While research interest on product and service evaluation from unstructured text reviews is increasing, investigating the effectiveness of predictive analytical models in this context is still under-explored. With the advancement in machine learning research, an opportunity exists to bridge this gap using a model-based product and service evaluation. We propose in this article ReviewModus, a text mining and processing framework that (1) relies on the model structure and its corresponding assessment questions to train a machine learning algorithm to predict the classification of reviews around the model dimensions; (2) predicts the sentiments within the reviews based on external review training datasets; and (3) transforms the extracted measures from the reviews for further analysis. Our approach is evaluated in the context of 11 e-government services where the performance of the framework is compared to the manual processing of unstructured reviews crosschecked by three independent evaluators. Our study shows promising classification results with a micro-average F-score reaching 85.16%, and a high sentiment prediction correlation (71.44%) with the manually performed sentiment assessment. (C) 2019 Elsevier Inc. All rights reserved.
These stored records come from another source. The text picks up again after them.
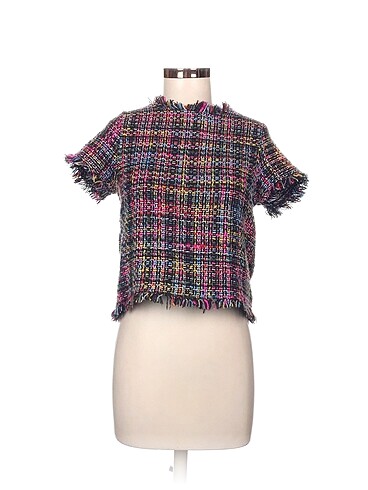 Zara Bluz %70 İndirimli.
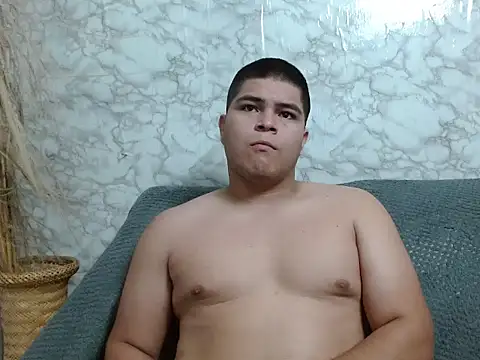 naomi campbel  online show from 25, 11, 2025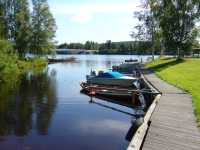 En annan del av bthamnen fr mindre fritidsbtar med Ljusnan och landsvgsbron uppstrms.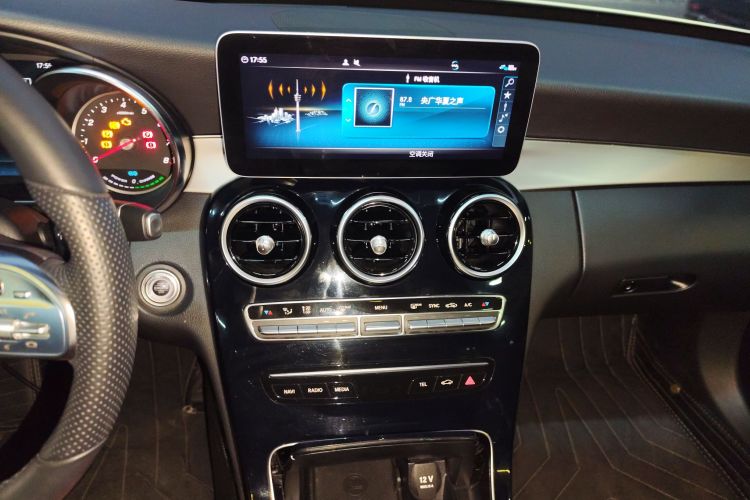 Mercedes-Benz C Class 2019 #19 Mercedes-Benz C Class 2019 car image #19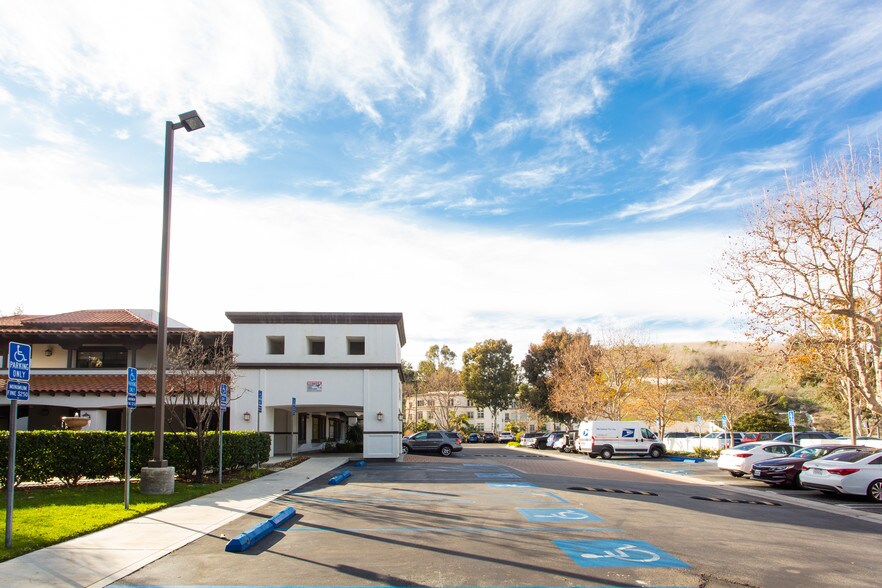 More Photos Of 25550 Hawthorne Blvd, Torrance Medical For Sale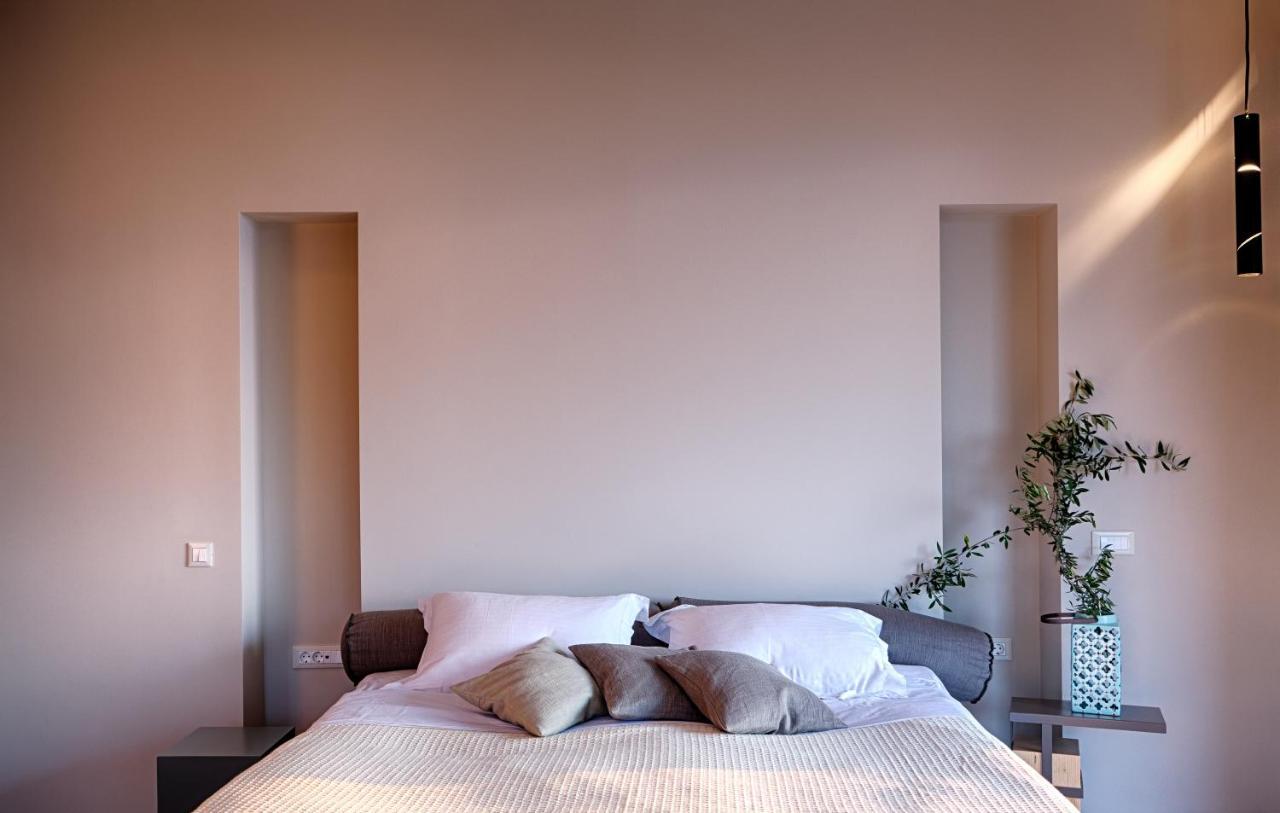 Euphoria Suites Avía Zewnętrze zdjęcie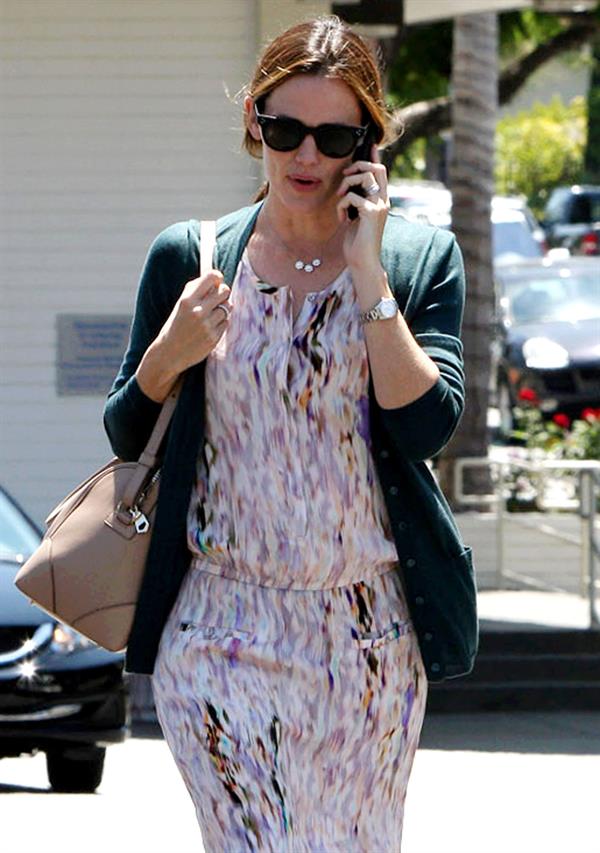 Jennifer Garner seen chatting away on her cellphone in Brentwood 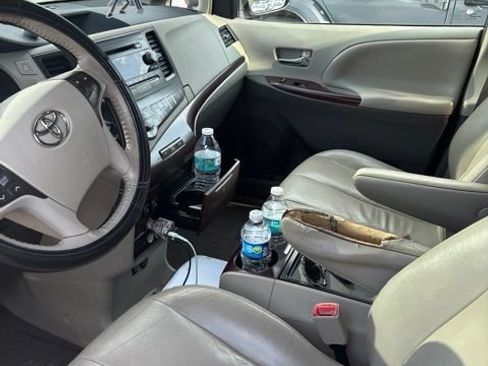 Used 2012 Toyota Sienna XLE w/ Entertainment Pkg FWD image 5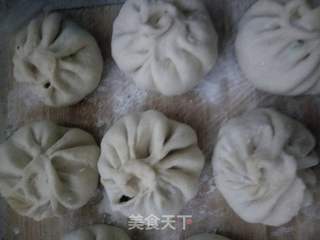 蒜苔木耳猪肉包的做法步骤:17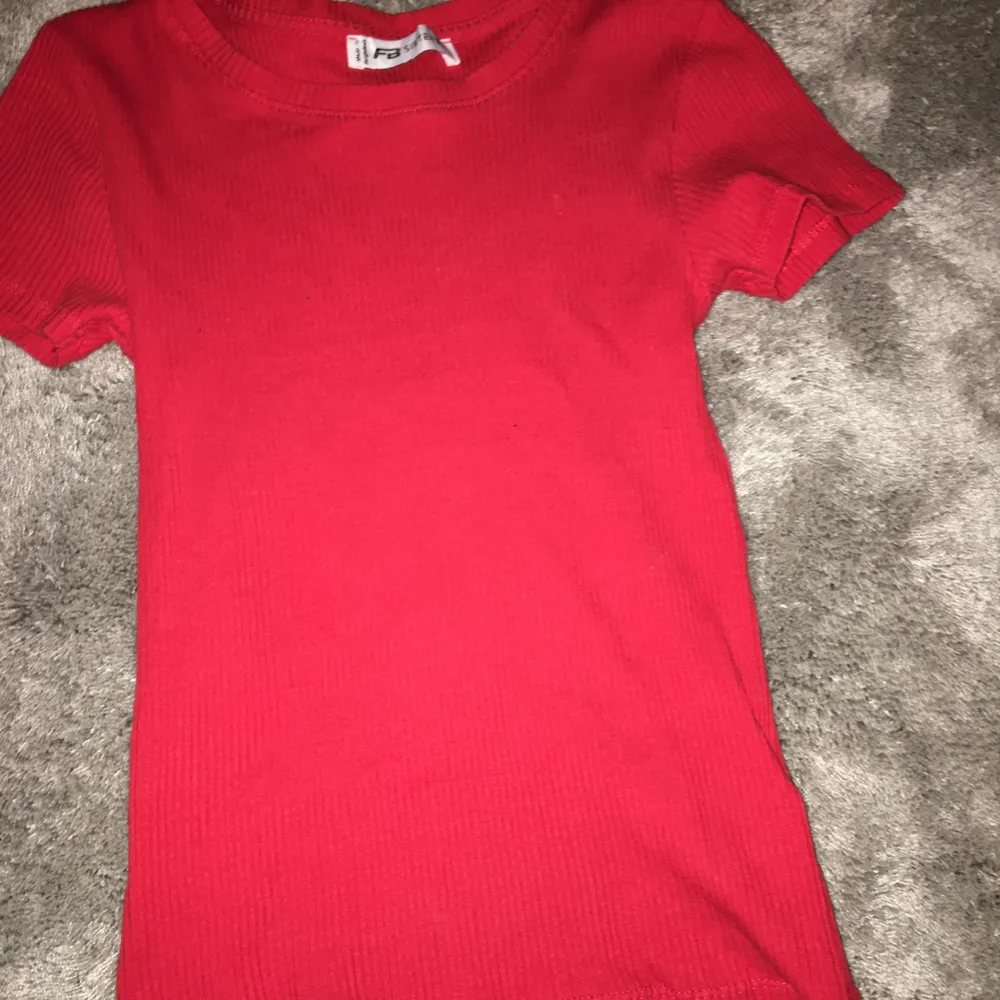 En super söt röd ribbad t-shirt, nästan ny väldigt sparsamt använd💕 väldigt stretchiga . Toppar.
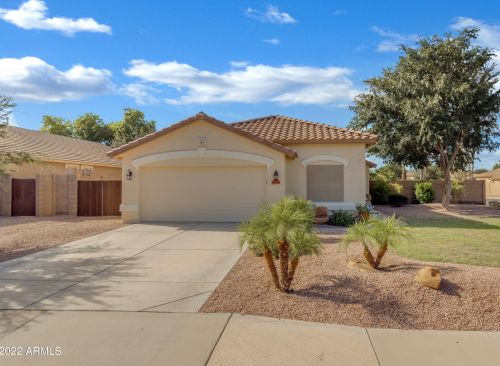 4865 Bellerive Dr, Chandler, AZ 85249-7025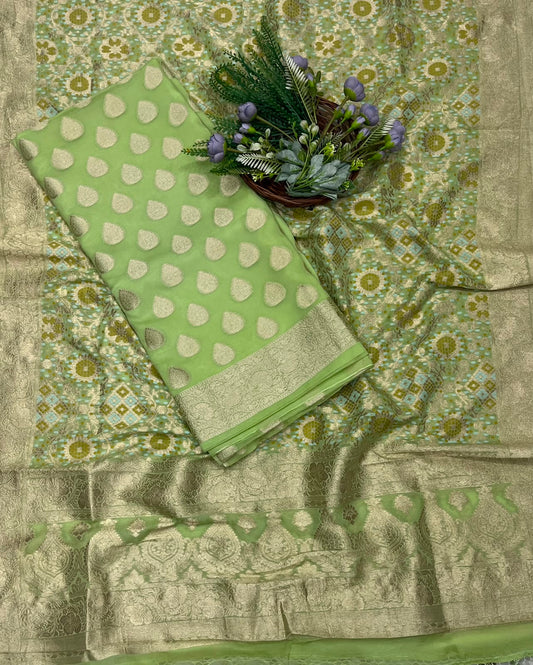 228C Banarasi Georgette Green Suit Fabric / CKC Banarasi Edit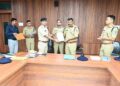 Saraikela police men felicitated : चांडिल टेंथ माइल स्टोन होटल गोलीकांड का उद्भेदन करने वाली पुलिस टीम के 26 सदस्य सम्मानित, कोल्हान डीआइजी के साथ जमशेदपुर एसएसपी व सरायकेला एसपी ने किया सम्मानित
机译:虽然研究来自非结构化文本的产品和服务评估的研究兴趣正在增加,但仍然探讨了这种背景下的预测分析模型的有效性。随着机器学习研究的进步,存在使用基于模型的产品和服务评估来弥合这一差距的机会。我们在本文中提出了审查案件,(1)依赖于模型结构及其相应的评估问题,以培训机器学习算法预测模型尺寸的评论的分类; (2)根据外部审查培训数据集预测评论中的情绪; (3)将提取的措施从评论中转变为进一步分析。我们的方法是在11个电子政务服务的背景下进行评估,其中框架的表现与由三名独立评估人员交叉检查的非结构化评论的手动处理进行了比较。我们的研究表明,具有手动表现情绪评估的微平均f分,微平均F分和高情感预测相关性(71.44%)的高度普通F分数。 (c)2019 Elsevier Inc.保留所有权利。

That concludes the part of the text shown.